┌────────

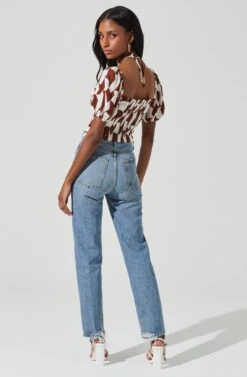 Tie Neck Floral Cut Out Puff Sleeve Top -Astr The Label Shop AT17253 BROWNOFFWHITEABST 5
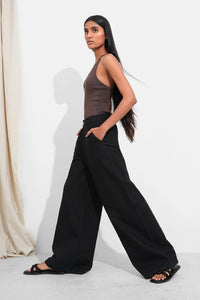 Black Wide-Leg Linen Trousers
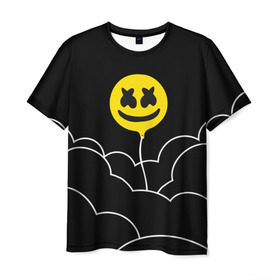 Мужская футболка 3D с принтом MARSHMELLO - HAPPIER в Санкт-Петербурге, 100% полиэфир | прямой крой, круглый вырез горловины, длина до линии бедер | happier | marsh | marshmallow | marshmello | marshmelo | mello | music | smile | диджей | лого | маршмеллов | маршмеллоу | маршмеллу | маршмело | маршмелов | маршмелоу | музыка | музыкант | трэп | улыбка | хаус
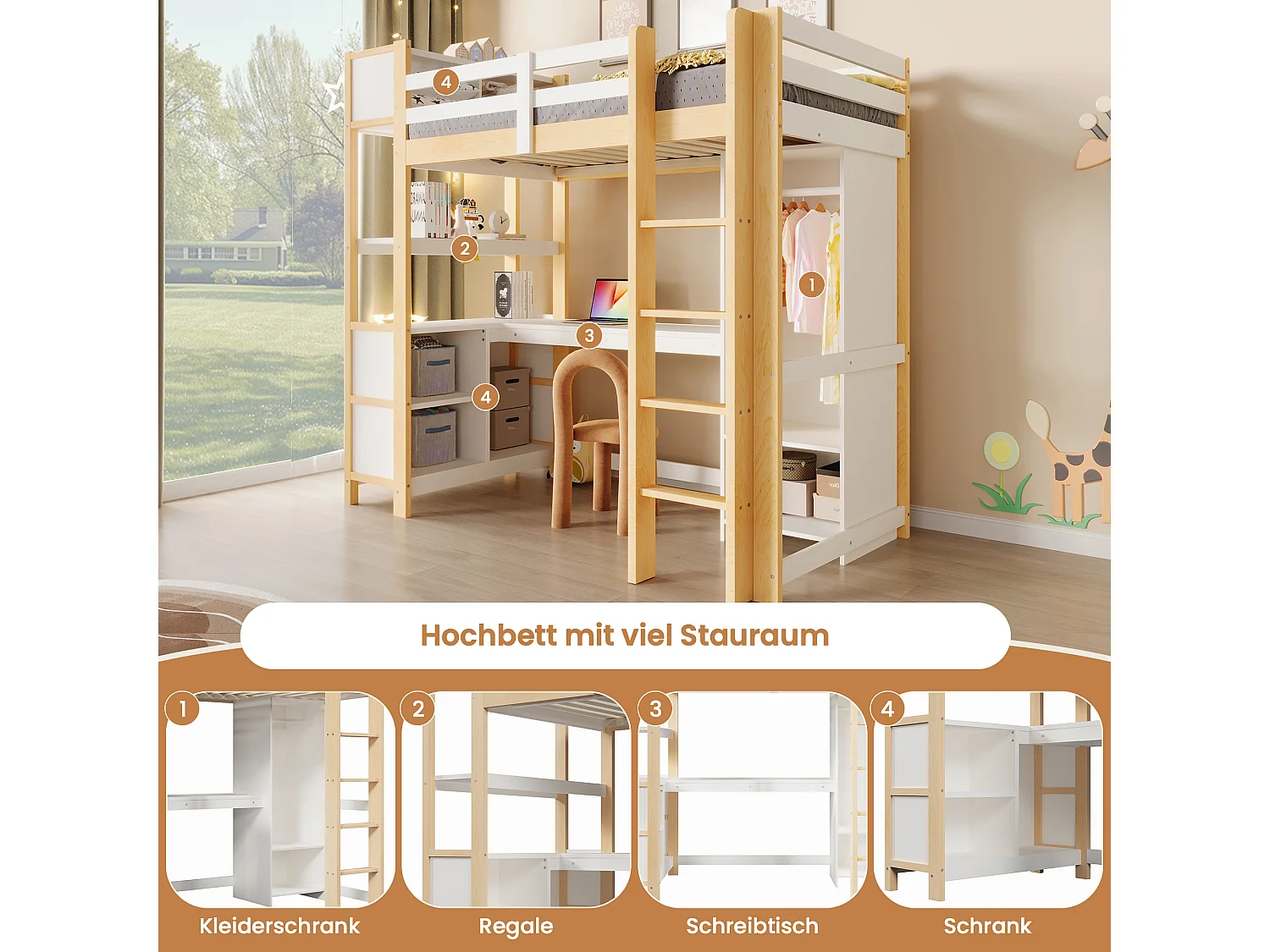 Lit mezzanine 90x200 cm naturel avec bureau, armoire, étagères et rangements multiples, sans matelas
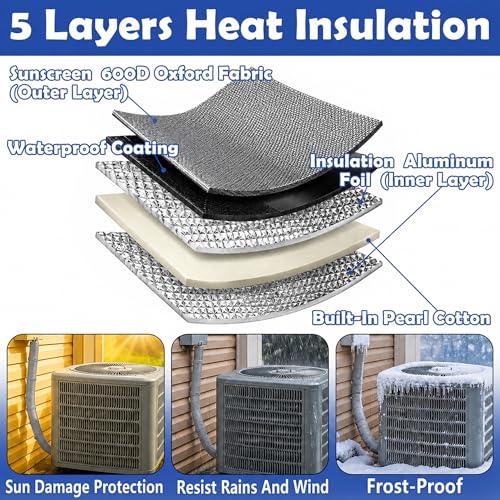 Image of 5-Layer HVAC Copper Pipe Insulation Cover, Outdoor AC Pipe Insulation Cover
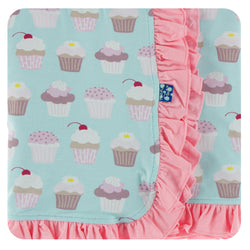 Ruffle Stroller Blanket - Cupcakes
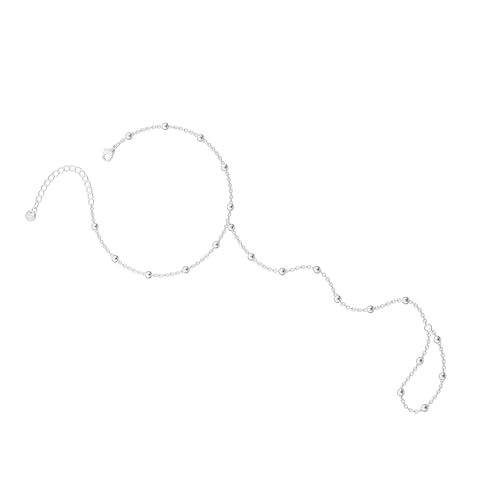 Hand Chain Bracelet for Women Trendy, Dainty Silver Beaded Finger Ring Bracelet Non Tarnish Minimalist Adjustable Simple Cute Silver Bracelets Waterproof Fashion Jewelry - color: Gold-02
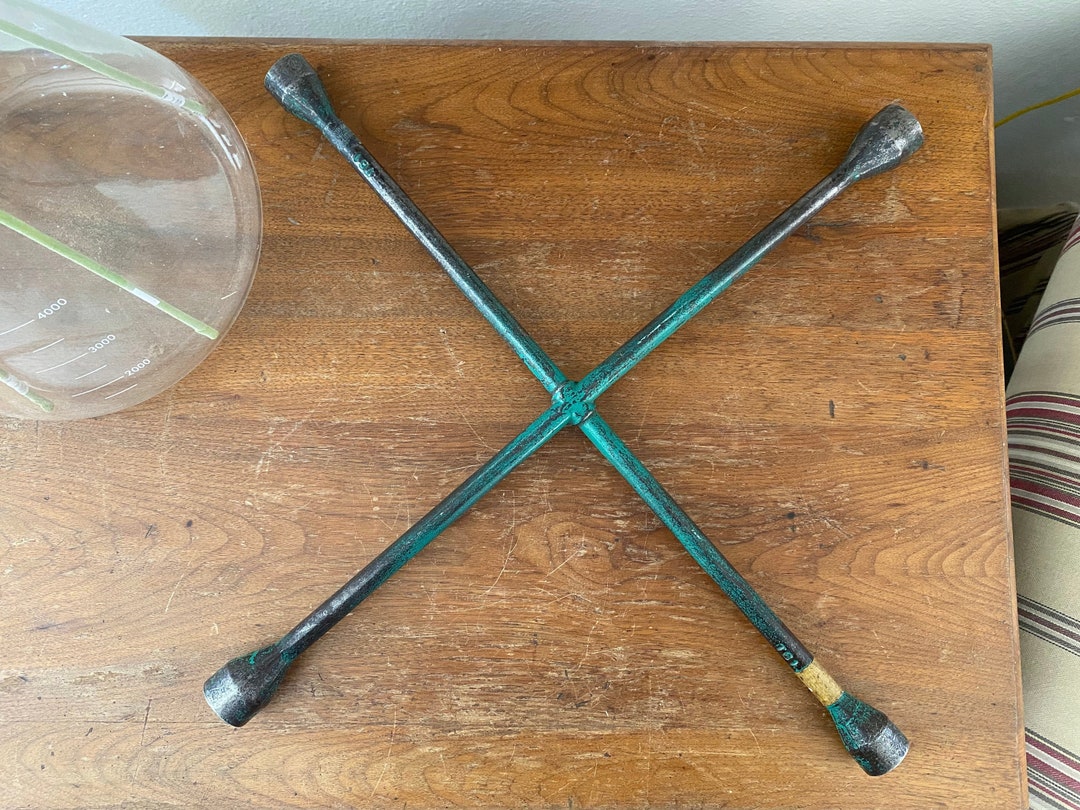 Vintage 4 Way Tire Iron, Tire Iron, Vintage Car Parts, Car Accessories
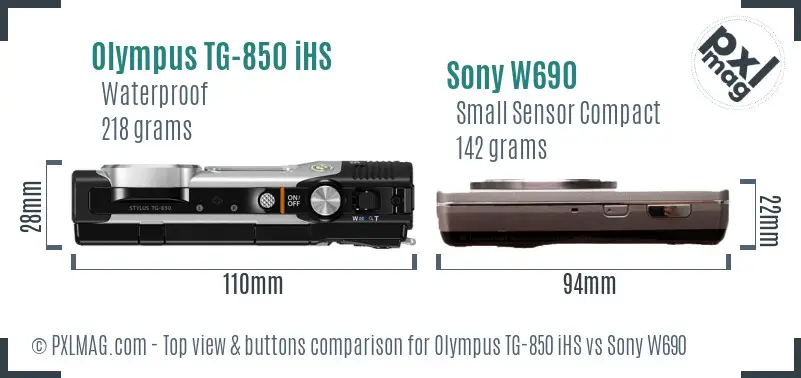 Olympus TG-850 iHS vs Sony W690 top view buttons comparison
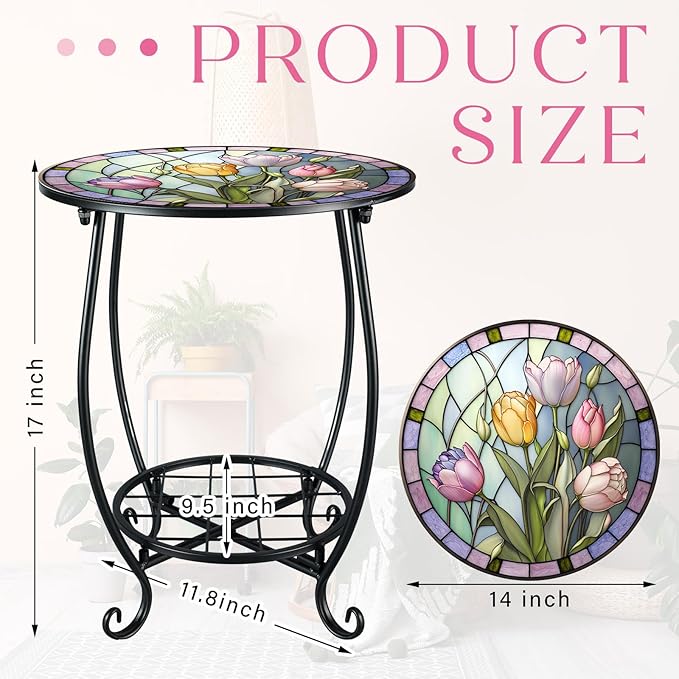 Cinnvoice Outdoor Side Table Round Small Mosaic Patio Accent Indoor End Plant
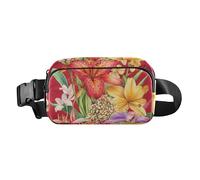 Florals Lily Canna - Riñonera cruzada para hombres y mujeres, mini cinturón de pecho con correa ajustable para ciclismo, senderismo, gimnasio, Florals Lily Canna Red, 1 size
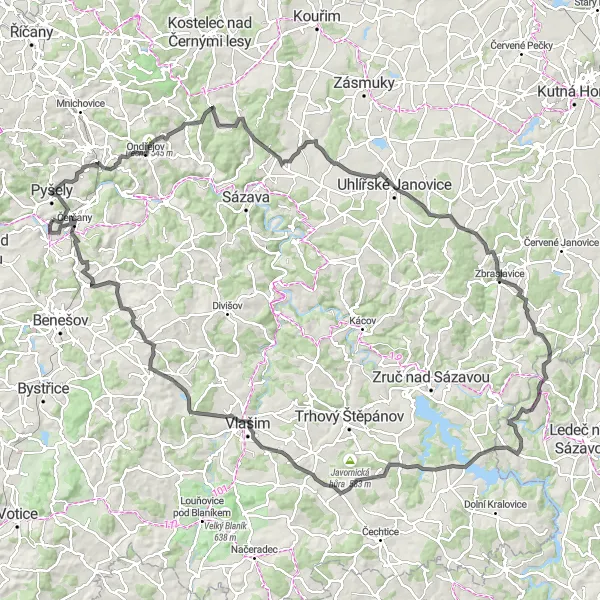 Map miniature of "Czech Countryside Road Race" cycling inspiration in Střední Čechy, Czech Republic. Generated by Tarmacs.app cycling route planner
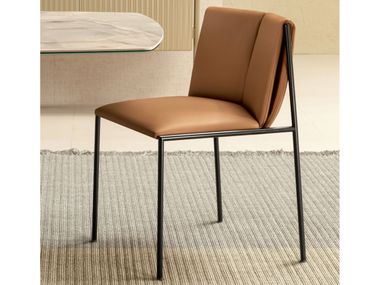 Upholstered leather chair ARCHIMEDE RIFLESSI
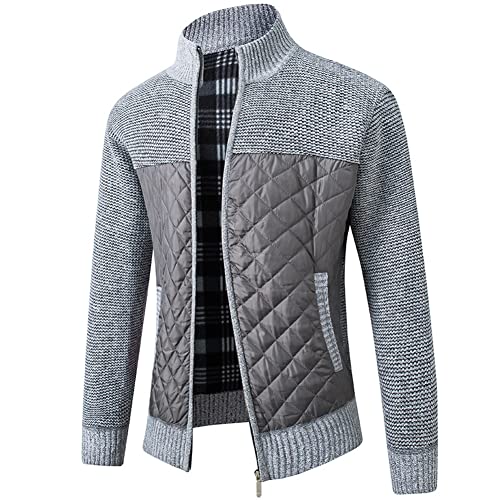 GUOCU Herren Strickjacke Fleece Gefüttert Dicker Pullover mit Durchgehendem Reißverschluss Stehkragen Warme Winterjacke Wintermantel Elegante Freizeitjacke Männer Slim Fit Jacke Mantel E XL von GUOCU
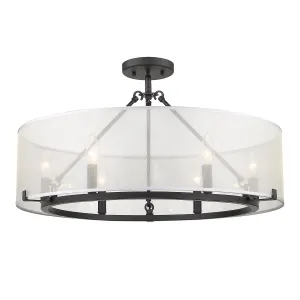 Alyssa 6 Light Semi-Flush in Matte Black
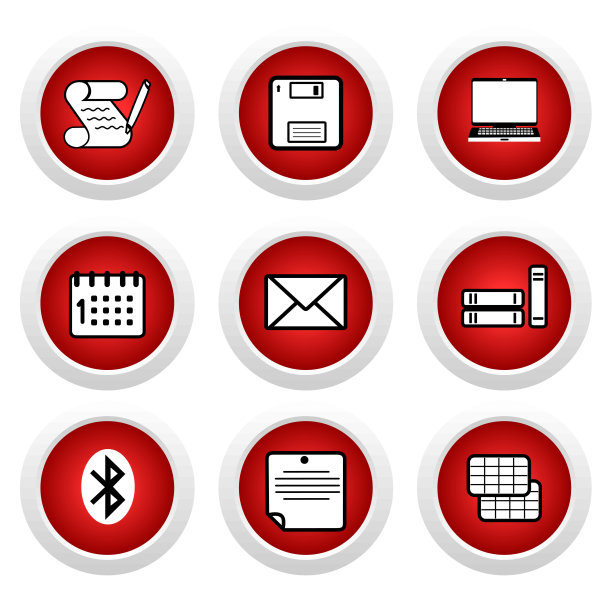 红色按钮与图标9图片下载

└────────

**YOUR TASK:**
Copy out the records exactly. Do not include the pictures.

**TASK RESPONSE:**
 Tie Neck Floral Cut Out Puff Sleeve Top -Astr The Label Shop AT17253 BROWNOFFWHITEABST 5
 Black Wide-Leg Linen Trousers
 Мужская футболка 3D с принтом MARSHMELLO - HAPPIER в Санкт-Петербурге, 100% полиэфир | прямой крой, круглый вырез горловины, длина до линии бедер | happier | marsh | marshmallow | marshmello | marshmelo | mello | music | smile | диджей | лого | маршмеллов | маршмеллоу | маршмеллу | маршмело | маршмелов | маршмелоу | музыка | музыкант | трэп | улыбка | хаус
 Lit mezzanine 90x200 cm naturel avec bureau, armoire, étagères et rangements multiples, sans matelas
 Image of 5-Layer HVAC Copper Pipe Insulation Cover, Outdoor AC Pipe Insulation Cover
 Ruffle Stroller Blanket - Cupcakes
 Hand Chain Bracelet for Women Trendy, Dainty Silver Beaded Finger Ring Bracelet Non Tarnish Minimalist Adjustable Simple Cute Silver Bracelets Waterproof Fashion Jewelry - color: Gold-02
 Vintage 4 Way Tire Iron, Tire Iron, Vintage Car Parts, Car Accessories
 Olympus TG-850 iHS vs Sony W690 top view buttons comparison
 Cinnvoice Outdoor Side Table Round Small Mosaic Patio Accent Indoor End Plant
 Florals Lily Canna - Riñonera cruzada para hombres y mujeres, mini cinturón de pecho con correa ajustable para ciclismo, senderismo, gimnasio, Florals Lily Canna Red, 1 size
 Map miniature of "Czech Countryside Road Race" cycling inspiration in Střední Čechy, Czech Republic. Generated by Tarmacs.app cycling route planner
 Upholstered leather chair ARCHIMEDE RIFLESSI
 GUOCU Herren Strickjacke Fleece Gefüttert Dicker Pullover mit Durchgehendem Reißverschluss Stehkragen Warme Winterjacke Wintermantel Elegante Freizeitjacke Männer Slim Fit Jacke Mantel E XL von GUOCU
 Alyssa 6 Light Semi-Flush in Matte Black
 红色按钮与图标9图片下载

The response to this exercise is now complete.